A laugh hacked out of my chest. ‘They let him near people with a razor? Does he still throw knives? I hope he got better at it if he does.'

Klara and Squidge stared at me. Then Klara dropped her gaze. She picked up her purse and began sorting through its contents.

‘Sorry?' Squidge said, speaking directly to me for the first time.

‘Dieter loved to throw things at people. Sharp things. Didn't he, Klara?'

She pressed her lips together and shook her head slowly, looking down at the table. Her blonde hair flared in the light. Both her hands had delved inside her purse now.

‘Did he? He was a terrible teenager, I suppose. I told you I had a shocking memory.' She looked up at Squidge. ‘Didn't I?'

‘Dreadful,' he answered. ‘Completely vague.'

I had to close my eyes because I couldn't stop staring at Klara's features, trying to find the girl I had loved so deeply. We used to lie beside each other on the spongy surface of the playground and count each other's freckles. I would watch as Klara's bottom lip pressed briefly under her top teeth before she spoke. I thought it made her look like a mouse, a sweet, hesitant mouse. Sometimes I stood in front of the mirror trying it myself, but it never worked for me. I looked like a dumb rabbit.

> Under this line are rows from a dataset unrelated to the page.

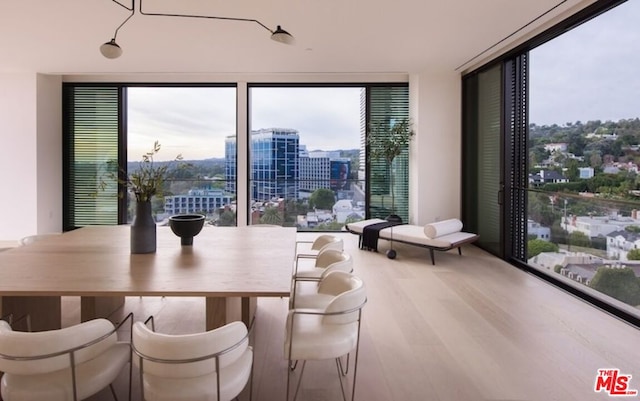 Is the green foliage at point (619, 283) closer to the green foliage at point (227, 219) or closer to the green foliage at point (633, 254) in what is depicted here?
the green foliage at point (633, 254)

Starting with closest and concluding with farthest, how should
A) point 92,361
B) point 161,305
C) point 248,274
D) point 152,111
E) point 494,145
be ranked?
point 92,361 → point 248,274 → point 161,305 → point 494,145 → point 152,111

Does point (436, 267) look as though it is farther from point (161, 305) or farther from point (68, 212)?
point (68, 212)

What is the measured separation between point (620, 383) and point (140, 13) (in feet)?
17.7

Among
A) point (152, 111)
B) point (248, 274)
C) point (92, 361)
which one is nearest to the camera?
point (92, 361)

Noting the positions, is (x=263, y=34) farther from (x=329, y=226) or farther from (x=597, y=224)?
(x=597, y=224)

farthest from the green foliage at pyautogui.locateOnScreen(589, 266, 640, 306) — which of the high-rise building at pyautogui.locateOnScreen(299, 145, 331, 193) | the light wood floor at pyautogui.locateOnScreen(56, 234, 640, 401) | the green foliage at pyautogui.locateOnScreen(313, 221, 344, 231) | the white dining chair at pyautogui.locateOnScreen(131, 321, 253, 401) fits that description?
the high-rise building at pyautogui.locateOnScreen(299, 145, 331, 193)

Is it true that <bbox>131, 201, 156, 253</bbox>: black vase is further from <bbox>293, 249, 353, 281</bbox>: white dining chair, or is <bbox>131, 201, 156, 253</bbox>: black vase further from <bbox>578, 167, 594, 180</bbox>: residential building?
<bbox>578, 167, 594, 180</bbox>: residential building

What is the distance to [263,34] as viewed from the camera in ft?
15.9

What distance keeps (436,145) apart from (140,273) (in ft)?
19.1

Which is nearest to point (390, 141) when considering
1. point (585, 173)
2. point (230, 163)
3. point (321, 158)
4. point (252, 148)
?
point (321, 158)

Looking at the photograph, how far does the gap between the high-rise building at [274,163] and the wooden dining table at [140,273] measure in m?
4.09

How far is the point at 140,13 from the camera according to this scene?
163 inches

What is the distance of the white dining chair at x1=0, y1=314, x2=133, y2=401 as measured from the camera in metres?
1.41

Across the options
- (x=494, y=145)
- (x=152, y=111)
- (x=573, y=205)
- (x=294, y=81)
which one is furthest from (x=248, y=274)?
(x=152, y=111) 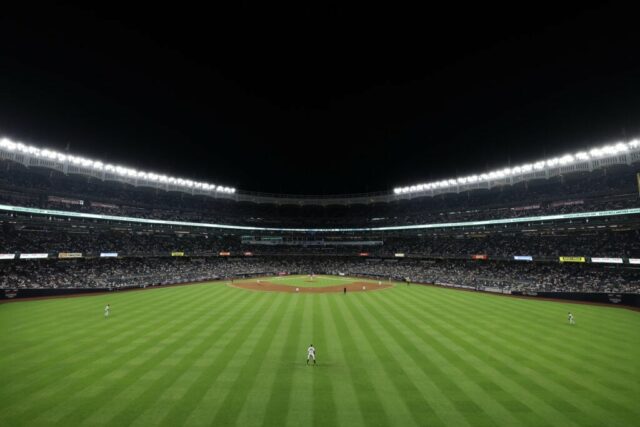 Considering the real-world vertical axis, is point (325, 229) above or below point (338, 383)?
above

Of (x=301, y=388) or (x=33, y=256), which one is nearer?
(x=301, y=388)

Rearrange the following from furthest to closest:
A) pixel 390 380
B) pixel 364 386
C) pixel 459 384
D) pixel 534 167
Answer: pixel 534 167
pixel 390 380
pixel 459 384
pixel 364 386

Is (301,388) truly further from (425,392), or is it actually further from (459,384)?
(459,384)

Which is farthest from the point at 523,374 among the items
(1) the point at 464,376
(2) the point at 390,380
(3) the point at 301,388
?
(3) the point at 301,388

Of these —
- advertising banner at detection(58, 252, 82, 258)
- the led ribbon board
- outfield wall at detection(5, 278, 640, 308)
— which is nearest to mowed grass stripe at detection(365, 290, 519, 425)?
outfield wall at detection(5, 278, 640, 308)

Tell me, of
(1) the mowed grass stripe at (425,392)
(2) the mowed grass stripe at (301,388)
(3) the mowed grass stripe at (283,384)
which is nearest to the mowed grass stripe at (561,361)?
(1) the mowed grass stripe at (425,392)

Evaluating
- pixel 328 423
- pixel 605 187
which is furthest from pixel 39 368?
pixel 605 187

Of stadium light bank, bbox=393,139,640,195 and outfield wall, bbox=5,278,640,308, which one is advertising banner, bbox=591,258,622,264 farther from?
stadium light bank, bbox=393,139,640,195

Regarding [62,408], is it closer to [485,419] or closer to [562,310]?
[485,419] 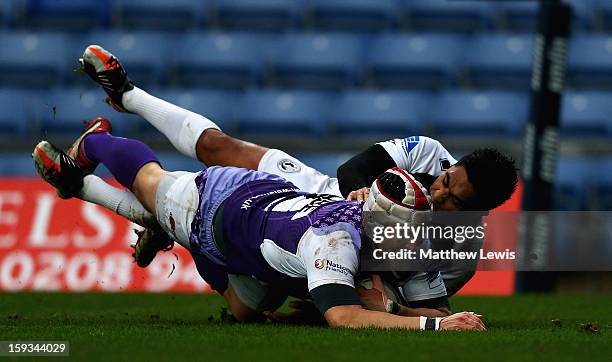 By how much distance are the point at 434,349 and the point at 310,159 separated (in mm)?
6130

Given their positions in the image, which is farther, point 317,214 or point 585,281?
point 585,281

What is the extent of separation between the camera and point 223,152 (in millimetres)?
6797

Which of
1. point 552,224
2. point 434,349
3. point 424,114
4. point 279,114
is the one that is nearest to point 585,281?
point 552,224

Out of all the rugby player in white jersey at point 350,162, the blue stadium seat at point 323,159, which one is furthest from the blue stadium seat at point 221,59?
the rugby player in white jersey at point 350,162

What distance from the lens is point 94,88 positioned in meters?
12.1

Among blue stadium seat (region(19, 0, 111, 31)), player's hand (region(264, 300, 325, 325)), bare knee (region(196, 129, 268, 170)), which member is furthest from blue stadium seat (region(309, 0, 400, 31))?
player's hand (region(264, 300, 325, 325))

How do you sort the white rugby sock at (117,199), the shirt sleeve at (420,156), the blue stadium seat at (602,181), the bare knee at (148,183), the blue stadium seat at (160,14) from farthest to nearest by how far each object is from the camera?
the blue stadium seat at (160,14) < the blue stadium seat at (602,181) < the white rugby sock at (117,199) < the shirt sleeve at (420,156) < the bare knee at (148,183)

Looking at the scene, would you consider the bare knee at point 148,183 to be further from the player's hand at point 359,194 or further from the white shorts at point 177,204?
the player's hand at point 359,194

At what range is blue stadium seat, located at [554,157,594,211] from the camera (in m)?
10.7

It was the shape of Klara's face and her mouth that had made her so loveable and vulnerable.

I rubbed my eyes till they stung, trying to superimpose one Klara on the other.

‘I should get you home,' Squidge said to Klara.

‘Yes,' she said. ‘Yes, please.'

When I opened my left eye she was looking back at me. The blue of her eyes was like the sky shuddering behind a copse of wind-torn trees.

When I opened my right eye she was looking back at her lap.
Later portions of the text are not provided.